Antes se pensaba que la distinción esencial entre el hombre y el animal era estructuralmente cognoscitiva. Hoy se sabe que hay otra dimensión esencialmente humana comprometida en la distinción: la voluntad, que es su capacidad para discernir, elegir y decidir consciente, responsable y libremente. El hombre tiene una conciencia racional de sus actos que le permite prever y conocer sus consecuencias; el animal ordena instintos. Los actos humanos responden a decisiones y estas a propósitos; los propósitos, a su vez, revelan una misión de vida. Quien no sea capaz de descubrir esa misión vagará en la subsistencia sin más trascendencia que respirar, comer, estimular los sentidos y morir. La realización del hombre camina sobre un plan de vida armado en esa misión. Lograrla supone responder una pregunta tan esencial como eludida: ¿para qué vivo?

El problema es que el humano construye su realización a partir de su visión de la vida, visión que viene culturalmente atada a intereses, prejuicios y prioridades individuales.  En ella se entremezclan los medios con los fines. Así, nuestra cultura decadente aprecia al hombre por lo que hace y, algo peor, por lo que tiene. En términos trascendentes, la carrera y el dinero podrán definir un logro pero nunca realizar al hombre. Uno de los destinos más miserables es el que se funda sobre cimientos tan arcillosos como los bienes, la imagen o  la memoria. No hay realización eminente que no deje huellas en los demás como tampoco existe definición de felicidad que excluya al prójimo, porque el hombre se realiza esencialmente en los demás. El éxito deja memoria; la entrega, historia.

Hace algunos días pensé detenidamente en eso que las obsesiones del ego llaman éxito: casa, autos y títulos. Deslicé mis dedos por sus texturas.
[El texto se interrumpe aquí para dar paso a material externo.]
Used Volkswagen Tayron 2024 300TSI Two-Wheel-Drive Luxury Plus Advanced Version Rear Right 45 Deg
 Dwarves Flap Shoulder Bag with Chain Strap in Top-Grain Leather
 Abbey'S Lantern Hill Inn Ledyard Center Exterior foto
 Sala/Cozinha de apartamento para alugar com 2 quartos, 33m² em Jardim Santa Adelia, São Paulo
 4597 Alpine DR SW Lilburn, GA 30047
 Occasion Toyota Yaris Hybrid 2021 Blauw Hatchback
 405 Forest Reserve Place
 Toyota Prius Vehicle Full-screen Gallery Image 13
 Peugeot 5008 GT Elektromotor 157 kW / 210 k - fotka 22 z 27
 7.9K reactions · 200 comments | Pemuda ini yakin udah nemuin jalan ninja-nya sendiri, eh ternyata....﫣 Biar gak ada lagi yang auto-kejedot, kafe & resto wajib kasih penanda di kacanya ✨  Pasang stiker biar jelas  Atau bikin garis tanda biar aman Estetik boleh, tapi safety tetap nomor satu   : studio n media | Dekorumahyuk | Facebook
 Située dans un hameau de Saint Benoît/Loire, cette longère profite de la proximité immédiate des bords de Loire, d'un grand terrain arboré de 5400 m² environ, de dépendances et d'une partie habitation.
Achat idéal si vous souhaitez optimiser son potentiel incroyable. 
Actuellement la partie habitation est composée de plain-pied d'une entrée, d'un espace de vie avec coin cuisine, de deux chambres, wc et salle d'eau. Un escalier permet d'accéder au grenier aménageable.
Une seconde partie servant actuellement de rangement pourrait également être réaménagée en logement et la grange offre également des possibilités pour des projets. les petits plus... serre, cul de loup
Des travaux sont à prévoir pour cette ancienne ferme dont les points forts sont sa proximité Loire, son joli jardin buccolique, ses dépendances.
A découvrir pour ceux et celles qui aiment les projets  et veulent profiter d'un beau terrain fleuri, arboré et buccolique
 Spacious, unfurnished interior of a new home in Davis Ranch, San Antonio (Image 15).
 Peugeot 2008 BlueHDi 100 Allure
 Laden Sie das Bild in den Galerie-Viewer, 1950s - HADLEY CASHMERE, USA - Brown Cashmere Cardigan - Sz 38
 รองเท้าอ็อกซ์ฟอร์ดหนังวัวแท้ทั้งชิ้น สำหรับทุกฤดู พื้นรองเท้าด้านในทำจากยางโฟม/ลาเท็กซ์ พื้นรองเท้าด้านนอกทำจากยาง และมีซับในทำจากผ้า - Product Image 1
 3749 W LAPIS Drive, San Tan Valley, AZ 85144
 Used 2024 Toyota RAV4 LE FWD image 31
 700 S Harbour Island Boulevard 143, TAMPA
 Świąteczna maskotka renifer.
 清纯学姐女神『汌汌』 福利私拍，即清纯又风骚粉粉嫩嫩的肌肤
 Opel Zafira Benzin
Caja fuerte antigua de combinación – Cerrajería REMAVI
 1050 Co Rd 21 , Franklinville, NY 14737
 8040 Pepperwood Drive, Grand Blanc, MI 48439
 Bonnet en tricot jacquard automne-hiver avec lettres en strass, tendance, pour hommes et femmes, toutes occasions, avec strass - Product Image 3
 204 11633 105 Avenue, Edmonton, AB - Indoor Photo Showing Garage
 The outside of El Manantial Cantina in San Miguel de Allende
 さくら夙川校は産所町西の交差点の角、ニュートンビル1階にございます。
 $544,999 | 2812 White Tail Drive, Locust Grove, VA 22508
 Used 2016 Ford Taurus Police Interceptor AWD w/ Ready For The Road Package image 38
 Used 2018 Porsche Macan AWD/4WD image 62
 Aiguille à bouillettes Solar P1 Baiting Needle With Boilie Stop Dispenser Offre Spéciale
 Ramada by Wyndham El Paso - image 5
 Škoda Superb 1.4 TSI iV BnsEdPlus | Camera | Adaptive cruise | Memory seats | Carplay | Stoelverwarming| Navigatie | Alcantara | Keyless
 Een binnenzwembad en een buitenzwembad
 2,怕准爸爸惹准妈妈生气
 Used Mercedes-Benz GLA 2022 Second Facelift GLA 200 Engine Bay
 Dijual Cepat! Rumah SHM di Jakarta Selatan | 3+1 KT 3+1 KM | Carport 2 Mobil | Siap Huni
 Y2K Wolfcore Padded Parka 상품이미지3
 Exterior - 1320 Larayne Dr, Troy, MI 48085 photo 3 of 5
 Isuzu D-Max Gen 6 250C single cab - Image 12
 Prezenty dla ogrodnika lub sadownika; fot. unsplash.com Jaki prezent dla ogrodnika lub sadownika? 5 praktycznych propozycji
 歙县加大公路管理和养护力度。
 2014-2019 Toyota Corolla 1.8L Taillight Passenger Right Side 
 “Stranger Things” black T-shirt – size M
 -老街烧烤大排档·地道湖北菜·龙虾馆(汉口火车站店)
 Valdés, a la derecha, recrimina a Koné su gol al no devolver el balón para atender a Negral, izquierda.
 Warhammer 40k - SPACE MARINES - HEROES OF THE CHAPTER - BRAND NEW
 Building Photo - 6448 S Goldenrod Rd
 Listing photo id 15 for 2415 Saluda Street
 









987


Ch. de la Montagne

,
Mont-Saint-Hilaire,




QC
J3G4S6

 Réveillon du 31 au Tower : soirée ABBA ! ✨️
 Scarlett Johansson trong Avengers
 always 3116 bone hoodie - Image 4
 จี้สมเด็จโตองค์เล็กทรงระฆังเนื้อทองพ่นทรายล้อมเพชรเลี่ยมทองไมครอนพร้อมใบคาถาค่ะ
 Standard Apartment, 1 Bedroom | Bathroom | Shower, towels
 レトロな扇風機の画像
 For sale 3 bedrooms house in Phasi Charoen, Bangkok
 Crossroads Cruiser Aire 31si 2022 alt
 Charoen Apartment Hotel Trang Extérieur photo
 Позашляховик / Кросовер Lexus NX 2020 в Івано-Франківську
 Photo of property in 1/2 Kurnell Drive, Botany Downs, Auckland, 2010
Las sentí inertes, duras y frías; luego toqué mi carne, tibia y dócil. Me quedé varado al pie de una pregunta: ¿cómo pueden estas cosas trascendernos en el tiempo? Esta casa, me dije, puede durar tantas veces los años que aún no tengo, y yo, su dueño, seré apenas una mención antológica en su historia. Cuánto nos cuesta entender que la vida es más corta que aquello que "logramos"; que sus años apenas alcanzan para el suspiro de sus goces. A veces conviene hundir nuestros dedos en la piel más fina para sentir en cada huella el frágil milagro de la vida. Llegar a tal compresión antes de que expire el pasaporte de nuestra vida sería el primer paso a la inmortalidad.